What needs to be done —
Write out again, exactly, the lines below starting at the one with "Dyson Airwrap HS09" and ending at the one with "Lovingly designed furnishing detail, © Familie Kleemann Lovingly".

Data supplied —
========================

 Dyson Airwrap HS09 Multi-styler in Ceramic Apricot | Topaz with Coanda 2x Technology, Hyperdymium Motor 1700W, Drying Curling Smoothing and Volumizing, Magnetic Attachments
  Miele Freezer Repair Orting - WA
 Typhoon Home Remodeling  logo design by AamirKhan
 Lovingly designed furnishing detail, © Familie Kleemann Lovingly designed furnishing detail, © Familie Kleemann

========================

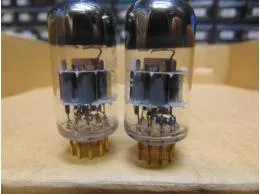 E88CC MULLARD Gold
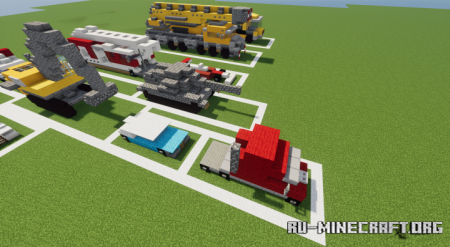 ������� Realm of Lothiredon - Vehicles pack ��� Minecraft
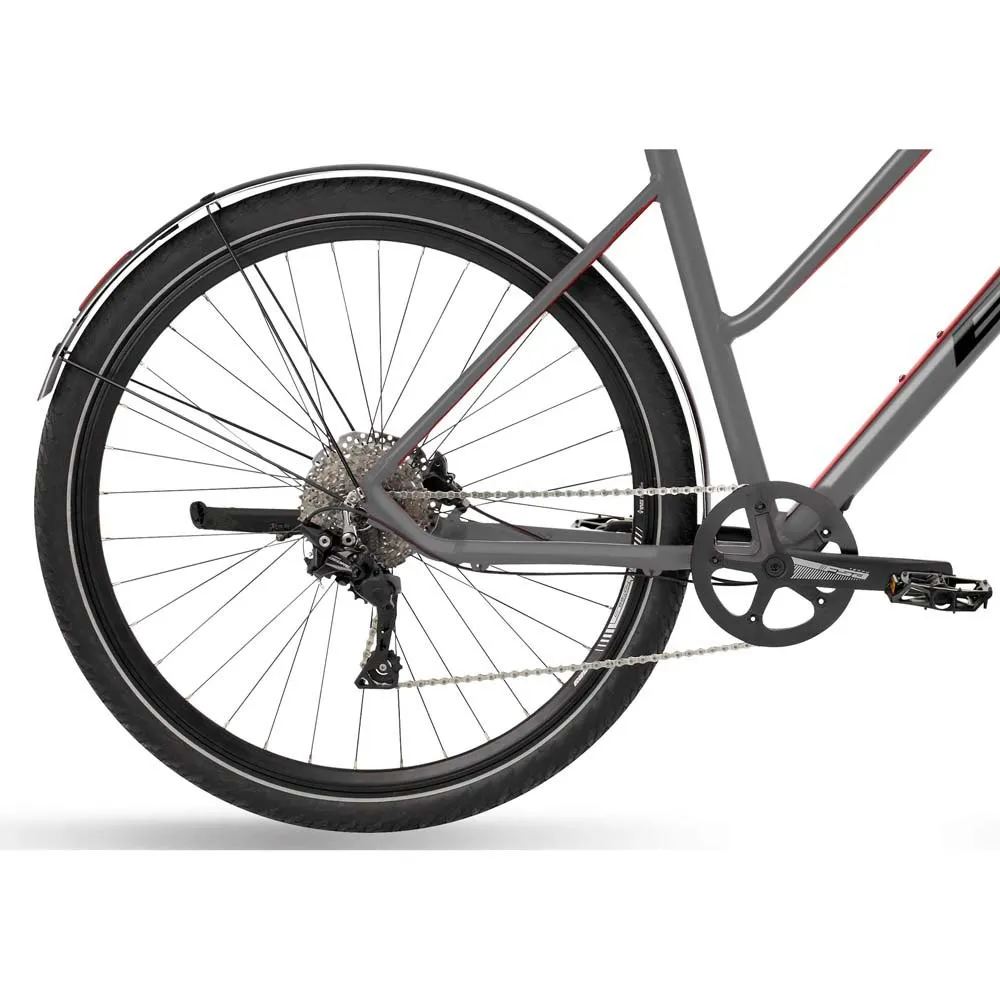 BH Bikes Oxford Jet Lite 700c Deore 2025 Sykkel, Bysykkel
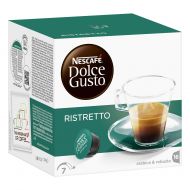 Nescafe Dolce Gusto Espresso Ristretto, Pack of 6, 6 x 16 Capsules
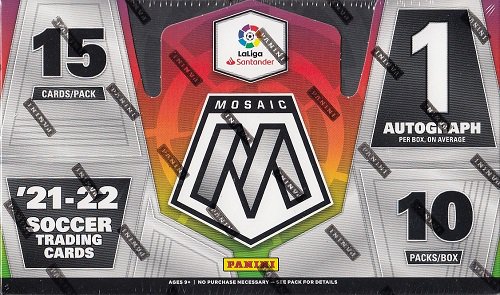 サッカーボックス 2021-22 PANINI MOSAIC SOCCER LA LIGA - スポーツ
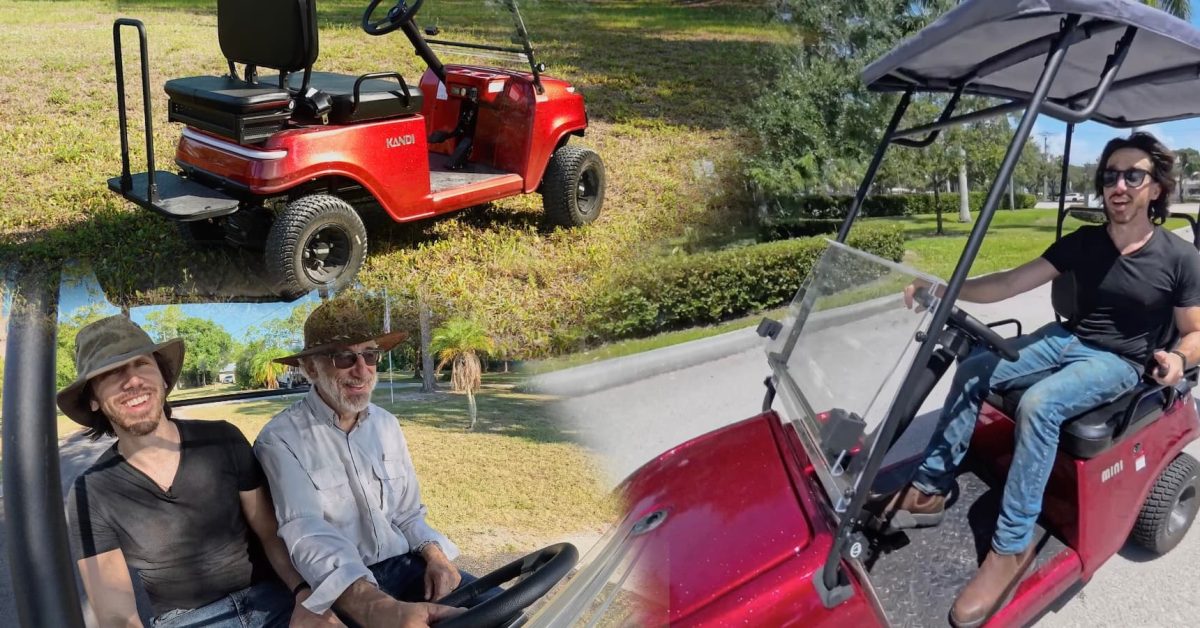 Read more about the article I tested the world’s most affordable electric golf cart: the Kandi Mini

========================

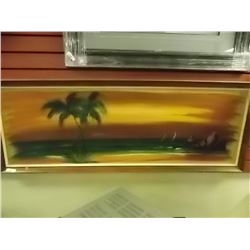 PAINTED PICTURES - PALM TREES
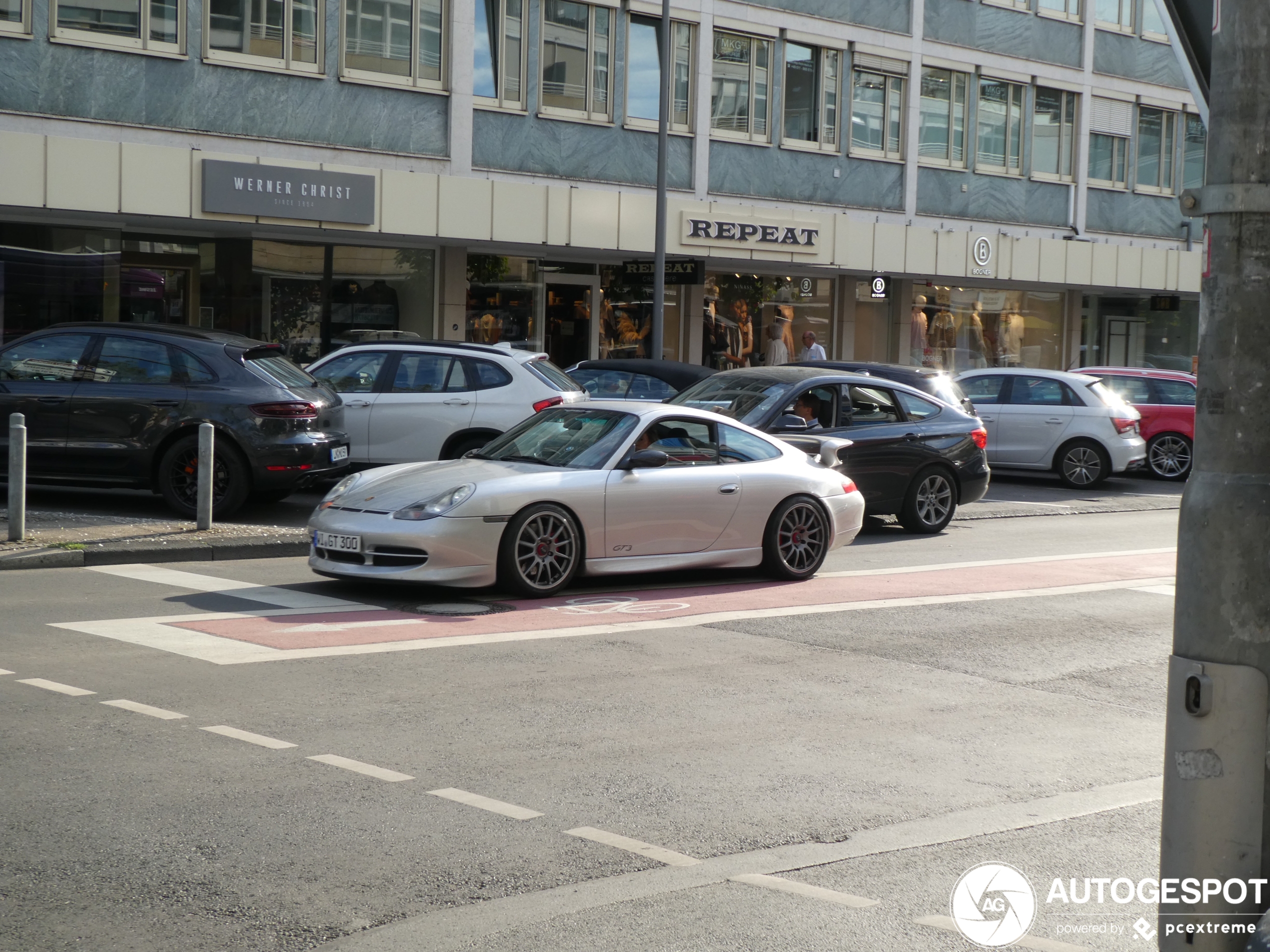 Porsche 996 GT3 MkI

========================

Exercise answer —
 Dyson Airwrap HS09 Multi-styler in Ceramic Apricot | Topaz with Coanda 2x Technology, Hyperdymium Motor 1700W, Drying Curling Smoothing and Volumizing, Magnetic Attachments
  Miele Freezer Repair Orting - WA
 Typhoon Home Remodeling  logo design by AamirKhan
 Lovingly designed furnishing detail, © Familie Kleemann Lovingly designed furnishing detail, © Familie Kleemann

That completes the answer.